DOD Regulatory Updates:
- DOD Reinstates Pre-COVID Progress Payment Rates for Large Businesses: Since May 2020, DOD Class Deviation 2020-O0010 increased the progress payment rates under DFARS 232.501-1 to 90 percent for large business concerns and 95 percent for small business concerns. On May 8, 2023, after the Biden administration announced the termination of the COVID-19 national emergency last month, DOD issued Revision 2 to reinstate the progress payment rate of 80 percent for new contracts with large businesses, consistent with FAR 52.232-16. DOD retained the temporary increase to the progress payment rate of 95 percent for small business concerns.
- Class Deviation on Limitations on the Procurement of DOD Non-Tactical Vehicles: On May 10, 2023, DOD issued a Class Deviation prohibiting contracting officers from obligating any of the funds authorized to be appropriated by the National Defense Authorization Act (NDAA) for Fiscal Year (FY) 2023 (Pub. L. 117-263) or otherwise made available to DoD, for the procurement of DoD nontactical vehicles that are electric vehicles, advanced-biofuel-powered vehicles, or hydrogen-powered vehicles, or any components or spare parts associated with such vehicles, that do not comply with Federal Acquisition Regulation (FAR) subpart 22.15, Prohibition of Acquisition of Products Produced by Forced or Indentured Child Labor.
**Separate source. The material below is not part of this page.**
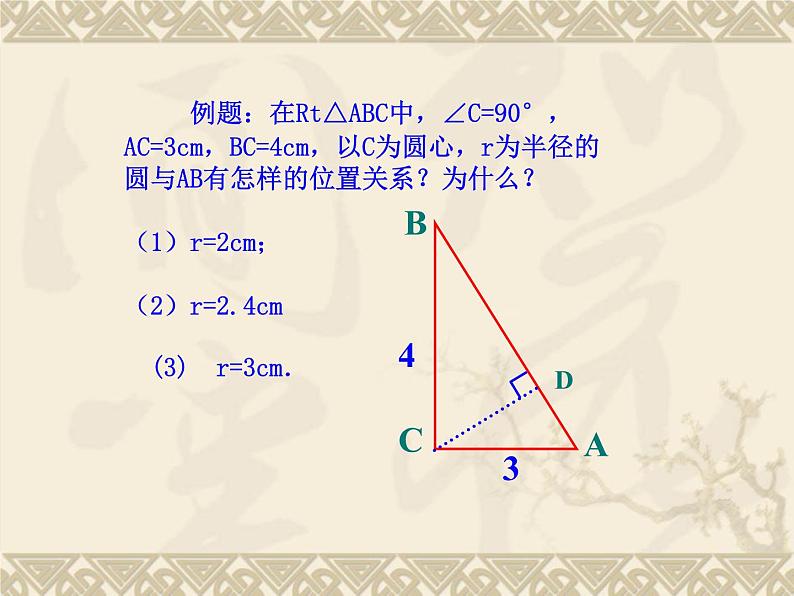 数学：24.2与圆有关的位置关系（第2课时）课件（人教新课标九年级上）第5页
- Proposed DFARS Rule Regarding Consolidation of DoD Government Property Clauses (DFARS Case 2020-D029): This proposed rule will consolidate several clauses governing the management and reporting of government property into one Management and Reporting of Government Property clause. The new clause will require contractors to use DOD's government-furnished property module instead of legacy applications when reporting receipt, shipment, transfer, or loss of government property, and for reporting excess property. The proposed rule clarifies that there will be no changes to the government property data that contractors are required to report, but that there will be changes to the application used to submit the information. Comments on the proposed rule are due on June 26, 2023.
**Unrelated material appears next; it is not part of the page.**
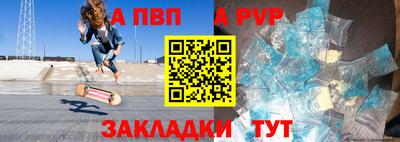 гашик Мариинск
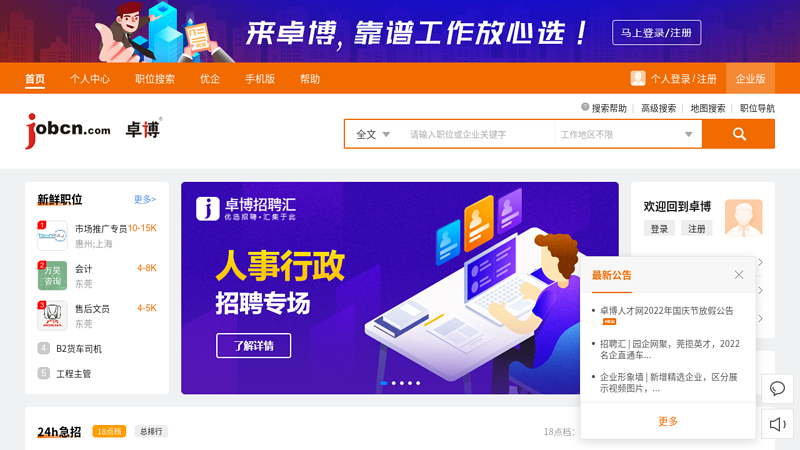 人才招聘求职网-卓博人才网jobcn.com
- Final DFARS Rule on Undefinitized Contract Actions (UCAs) (DFARS Case 2021-D003): DFARS 217.7404-3 requires definitization of the contract by the earlier of 180 days after a contractor submits a qualifying proposal or before 50 percent of the work is complete. This final rule now specifies that appropriate penalties for a contractor's failure to meet the qualifying proposal date in the contract definitization schedule can include (1) withholding an amount of up to 5 percent of all subsequent requests; (2) documenting the noncompliance in the contractor's past performance evaluation; or (3) terminating the contract for default.
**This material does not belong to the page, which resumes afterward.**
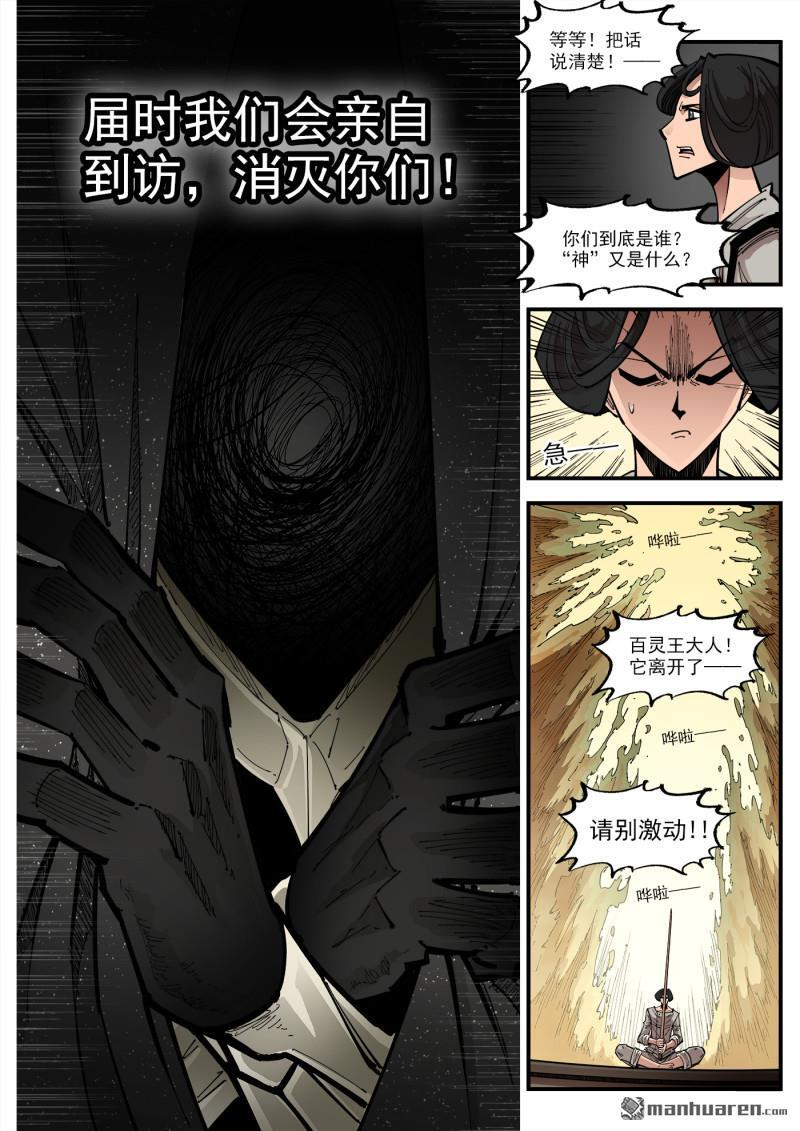 第448回 弹：邪龙复活！ 第5页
- Proposed DFARS Rule on Restriction on Certain Metal Products (DFARS Case 2021-D015): DFARS 225.7018–2(a) currently restricts the acquisition of covered materials melted or produced in North Korea, China, Russia, or Iran (covered materials include samarium-cobalt magnets, neodymium-iron-boron magnets, tantalum metals and alloys, tungsten metal powder, and tungsten heavy alloy or any finished or semi-finished component containing tungsten heavy alloy). This proposed rule will amend the clause to state that effective January 1, 2026, the restriction on covered materials will expand in scope to the entire supply chain for the covered materials to include all upstream mining, refining, separation, and melting. Comments on the proposed rule are due June 26, 2023.